On various systems, it's possible (easy, even) to use access controls to permit non-root processes to bind to low ports; for example, on FreeBSD, one can use the MAC portacl feature to permit specific users to bind low ports.

On the FreeBSD on which Stash is installed, I've added the necessary configuration to allow the Stash user to bind to port 22 directly:

$ id
uid=1001(_stash) gid=1001(_stash) groups=1001(_stash)
$ nc -l 192.168.11.80 22
[nc was able to open the listen port]
^C

Likewise, Solaris 10 allows assigning the net_privaddr privilege to user accounts for the same purpose.
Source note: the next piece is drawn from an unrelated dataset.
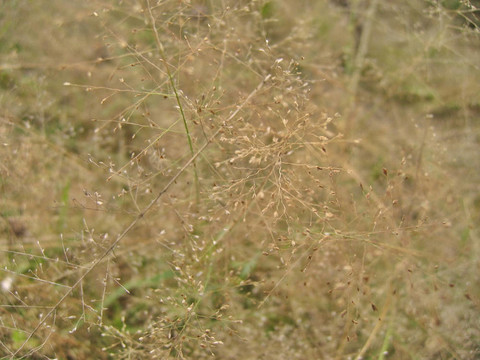 摘要：雜草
This is considered normal, supported system behavior, and is a standard approach to allowing processes (such as Java) to bind standard ports without requiring root privileges. We use this functionality to allow OpenDJ (also a Java server) to bind to the LDAP and LDAPS ports (389, 636), to allow Tomcat to bind directly to 443/80, and even to allow Stash itself to directly bind port 443 on our Stash installation.

Ideally, we could simply enable this on our servers, and configure Stash to use the standard SSH port.

However, there are two contraints in Stash itself that prevent this:

• Binding to port 22 is unnecessarily prevented by Stash itself (rather than checking for EACCES).
• Stash provides no UI to bind SSH to a specific IP (which will conflict with the host's sshd binding to tcp/22 on a different IP).